SOOKE HISTORY: Return of the elk

Elida Peers | Contributed

When the Sooke Region Museum was established in 1977, we asked many talented Sooke residents to help, among them Agnes Michelsen Dilley.

Dilley created a mural of local wildlife, which included Roosevelt elk.

No one had seen an elk in the Sooke area for many years, but it was acknowledged elk had once been part of the wildlife of the South Island.

As Agnes Dilley was descended from the Poirier family, who were renowned hunters in the area, it was only natural that her background would provide a genuine knowledge of the woods.

Nowadays we are experiencing the return of Roosevelt elk, and what a thrilling experience it is to see these wild creatures right within our populated streets.

In the accompanying picture, we are indebted to Ryan Spence, who was on his way to work from Henlyn Drive east along Grant Road when he spotted the two elk crossing Grant.
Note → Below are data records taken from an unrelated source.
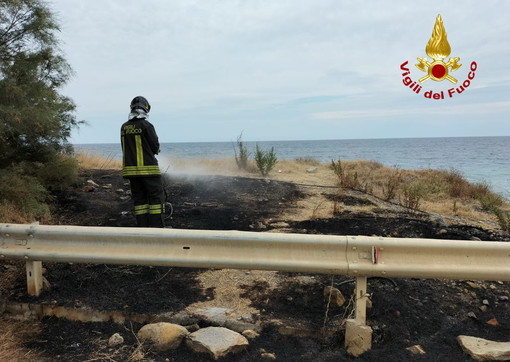 Sanremo: incendio di sterpaglie nella zona della ciclabile a Capo Verde, intervento dei Vigili del Fuoco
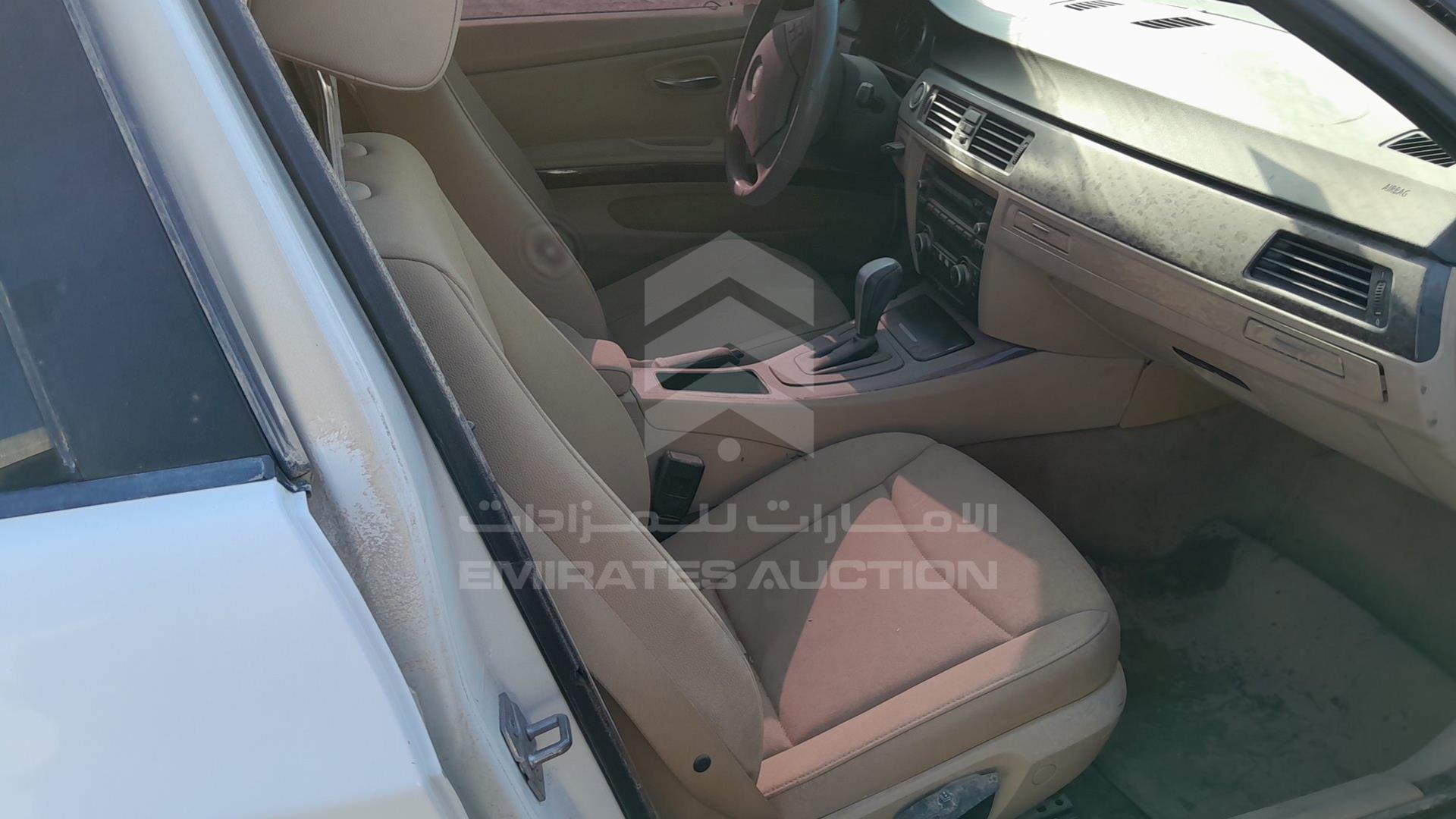 2011 BMW 320I VIN: WBAPG5105BA846365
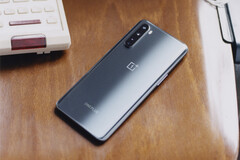 Este nuevo teléfono de rango medio probablemente encaje detrás del OnePlus Nord. 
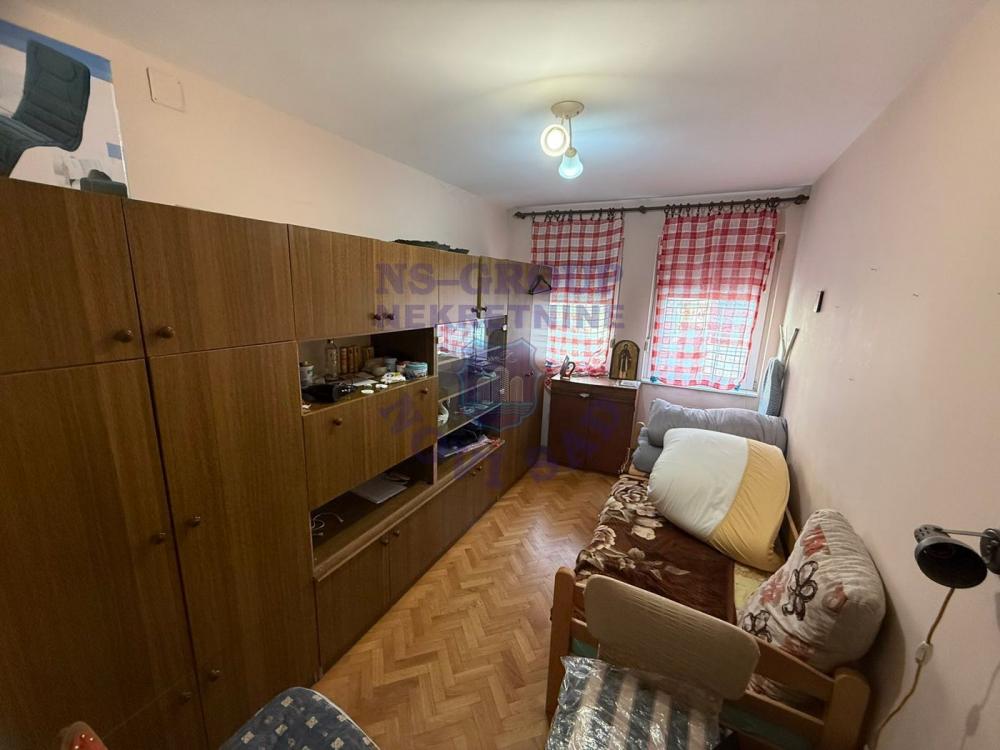 Slika 2 - Š:565403 Dvosoban Stan Na Podbari!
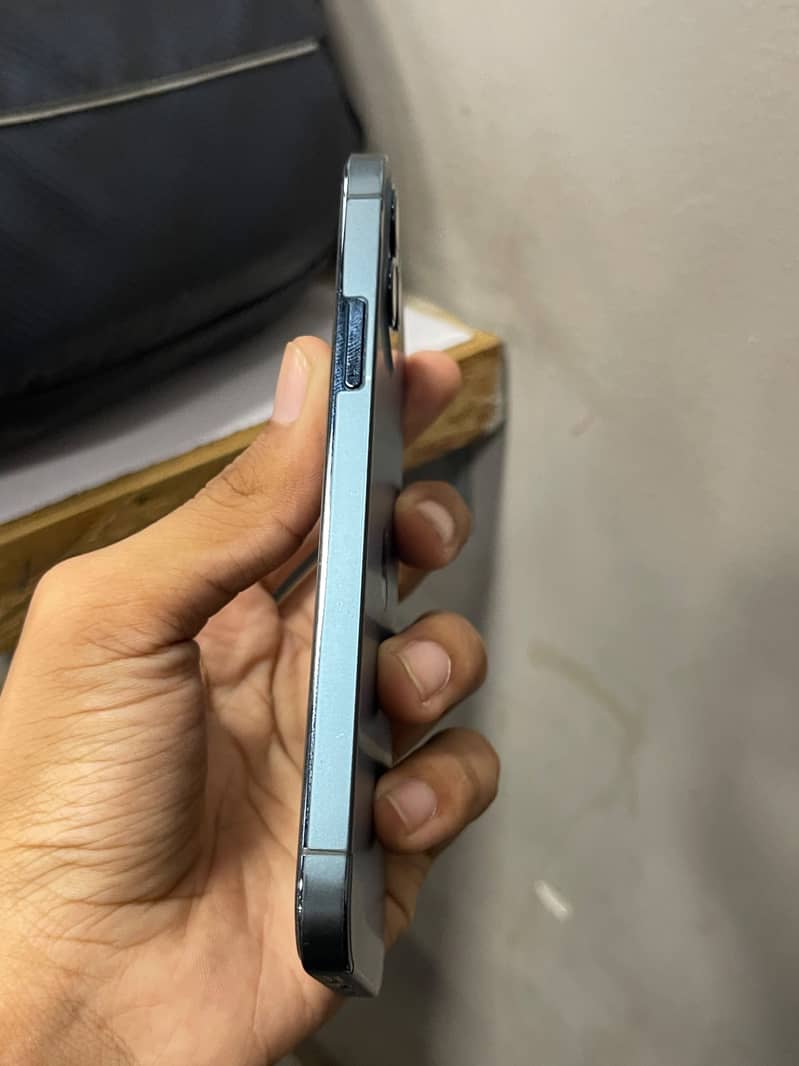Apple iPhone 12 Pro 3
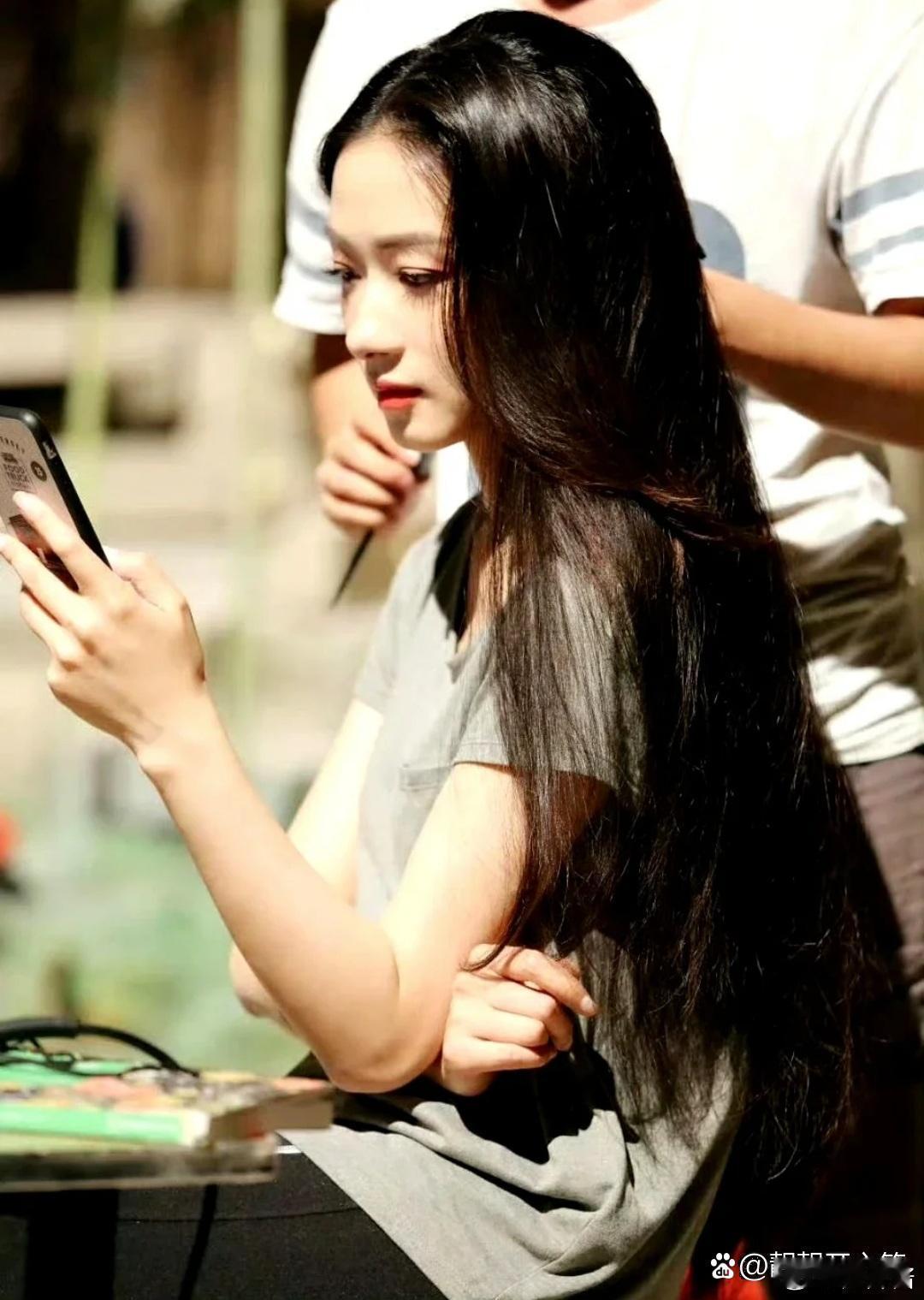 万茜孕期拍的这张照片美极了，当时她已经怀孕五个月了 ​​​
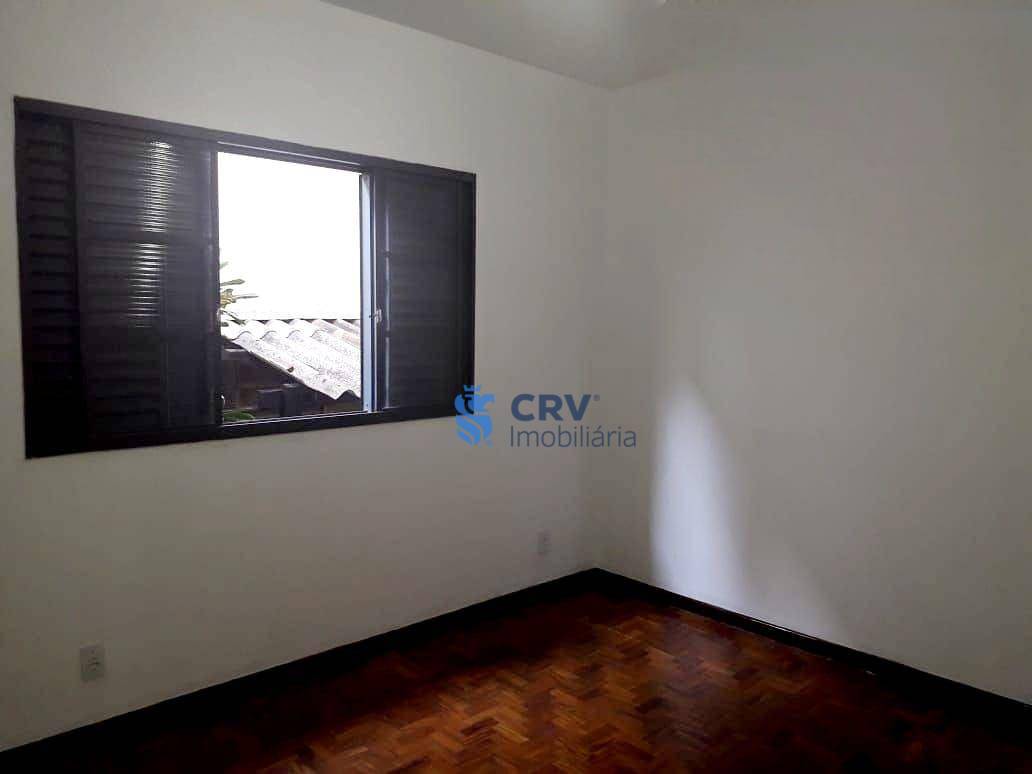 Casa à venda com 3 quartos, 210m² - Foto 5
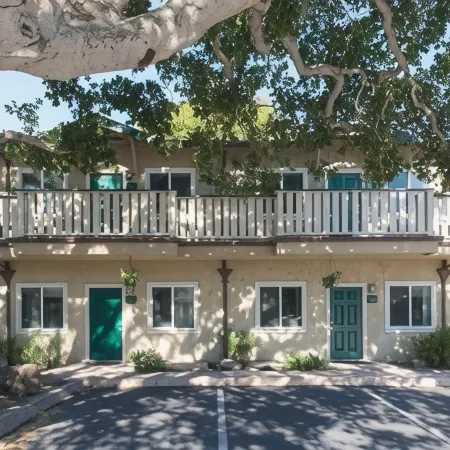 Sea Breeze Inn - Pacific Grove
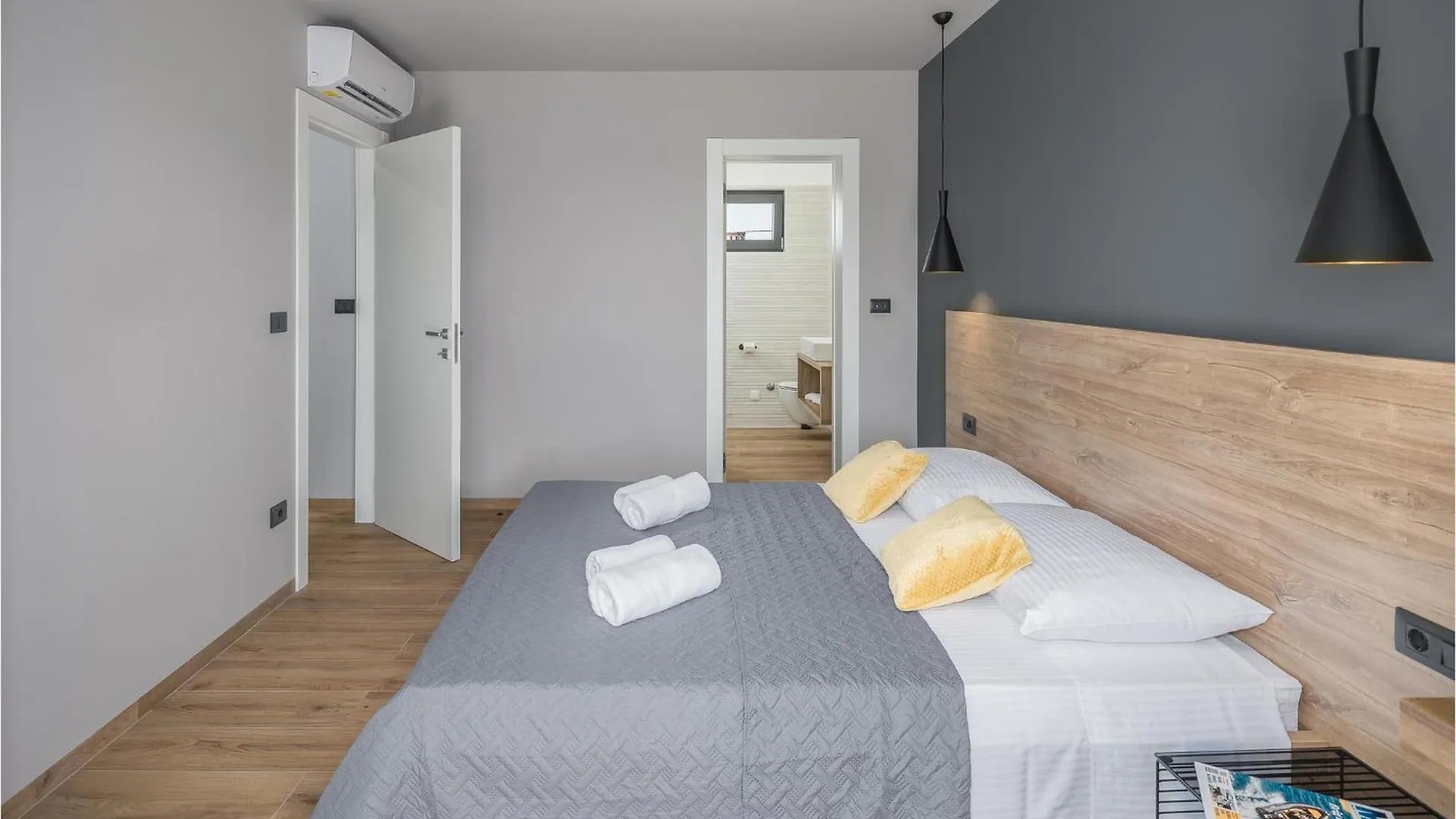 بيت للعطل 4 Bedroom Beautiful Home In بنجول كرواتيا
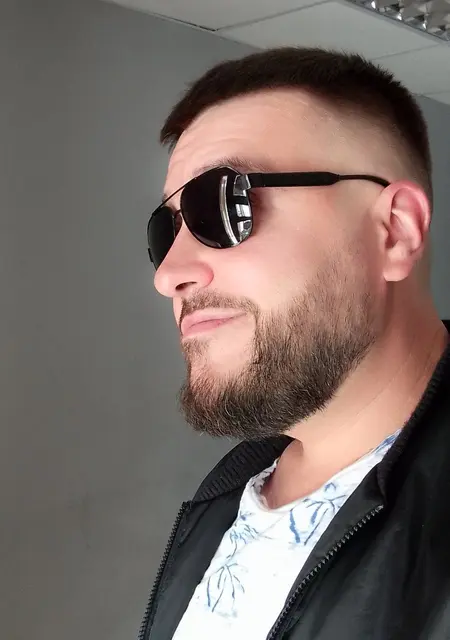 Я Павел, 37, знакомлюсь на одну ночь в Елабуге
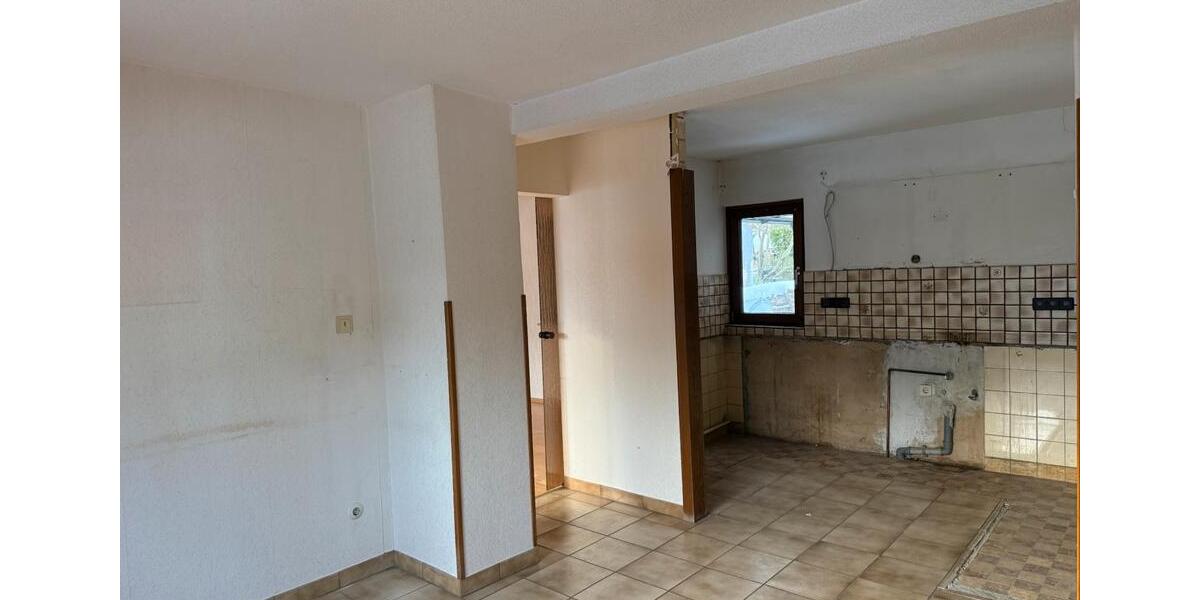 Geräumiges 7-Zimmer-Einfamilienhaus in ruhiger Lage von Aßlar 6.5 zimmer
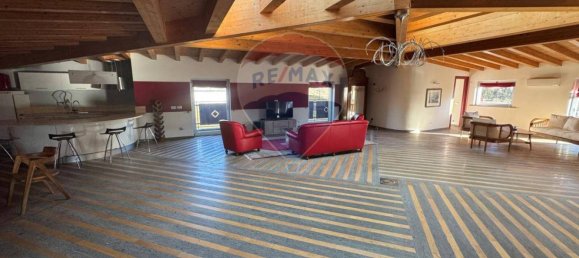 3-salle Penthouse à Varese, Italy No. 83676 2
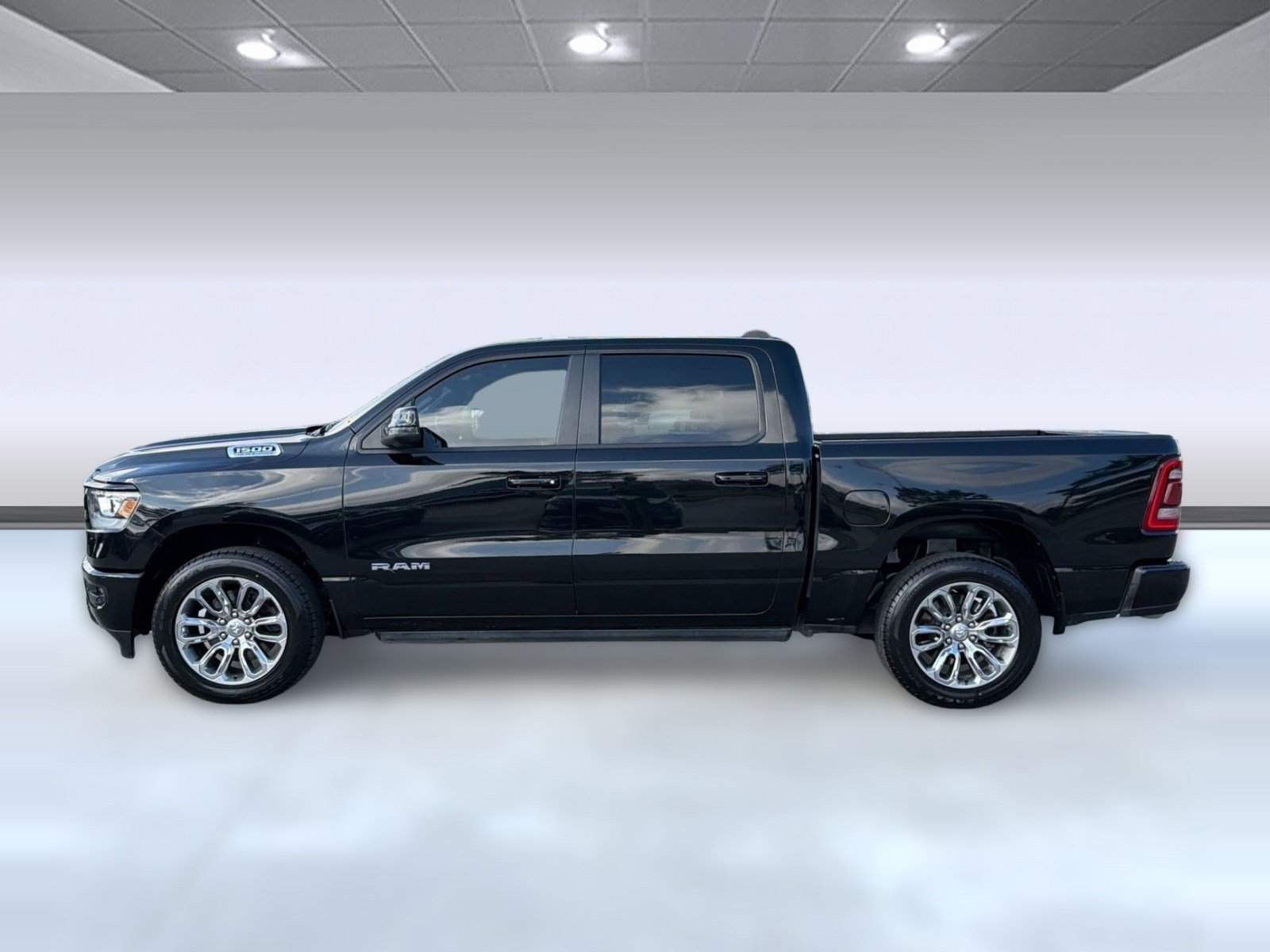 Used 2024 RAM 1500 Laramie AWD/4WD image 2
He must have been quick on the draw, as while elk have been spotted a number of times, getting a photo is a challenge.

Elk have been prevalent in the San Juan River Valley and the Cowichan Valley for many years, as part of a provincial re-introduction program.

It was exciting to know that elk were making a comeback through the program, and I do recall many years ago chatting with T’Sou-ke chief Jim Cooper, who wept when he told me one of the magnificent bulls was poached.

We first heard of a local elk sighting about a decade ago from Maggie Flynn, who had seen a bull elk in an orchard on the south side of Highway 14, near the Humpback Road intersection.

Elk have been making themselves at home on Woodside Farm for several years, and about four years ago the museum had a bull elk take up his domain in the woods and swamp bordering the museum.

Elk sightings have occurred recently on Wadams Way, Marathon, and for a time we understand an elk made his home at the Ebbs-Canavan place on Calvert Road.

It’s been an interesting phenomenon to see a far greater abundance of wildlife – cougars, bears, wolves and elk – today than was witnessed in the previous one-hundred years.


Elida Peers is the historian of the Sooke Region Museum.